WHAT TO WORK ON:
Set the images aside and retype the whole listing exactly.

DATASET SECTION below:

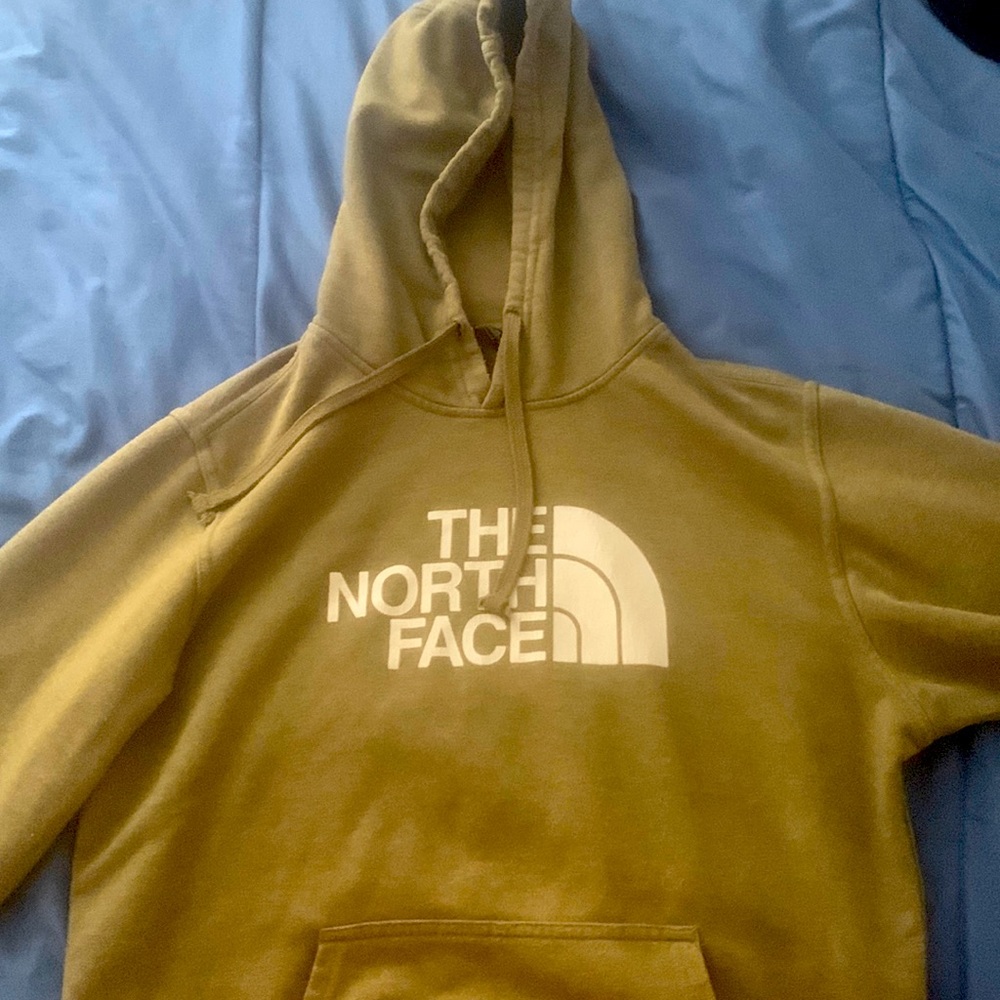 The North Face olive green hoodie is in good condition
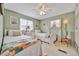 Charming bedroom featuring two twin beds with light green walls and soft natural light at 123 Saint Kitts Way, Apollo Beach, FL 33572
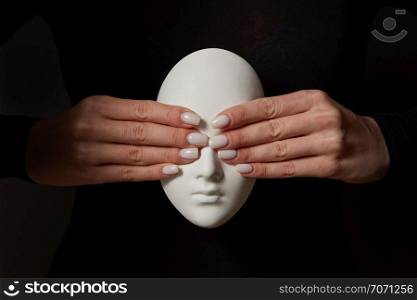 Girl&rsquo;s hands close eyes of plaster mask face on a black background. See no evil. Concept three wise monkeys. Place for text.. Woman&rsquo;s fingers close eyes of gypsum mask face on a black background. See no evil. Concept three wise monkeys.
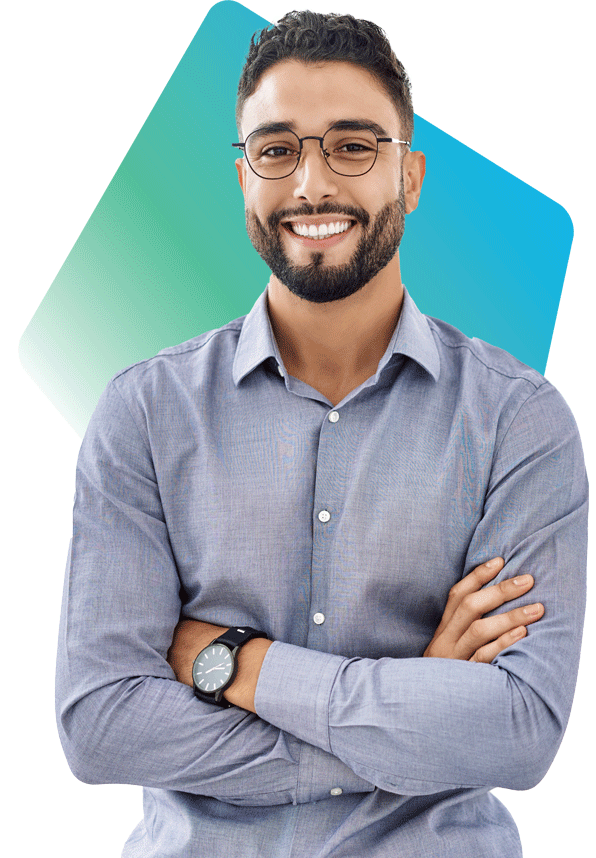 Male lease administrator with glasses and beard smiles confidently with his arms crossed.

End of DATASET SECTION.

SOLUTION TO THE EXERCISE:
 The North Face olive green hoodie is in good condition
 Charming bedroom featuring two twin beds with light green walls and soft natural light at 123 Saint Kitts Way, Apollo Beach, FL 33572
 Girl&rsquo;s hands close eyes of plaster mask face on a black background. See no evil. Concept three wise monkeys. Place for text.. Woman&rsquo;s fingers close eyes of gypsum mask face on a black background. See no evil. Concept three wise monkeys.
 Male lease administrator with glasses and beard smiles confidently with his arms crossed.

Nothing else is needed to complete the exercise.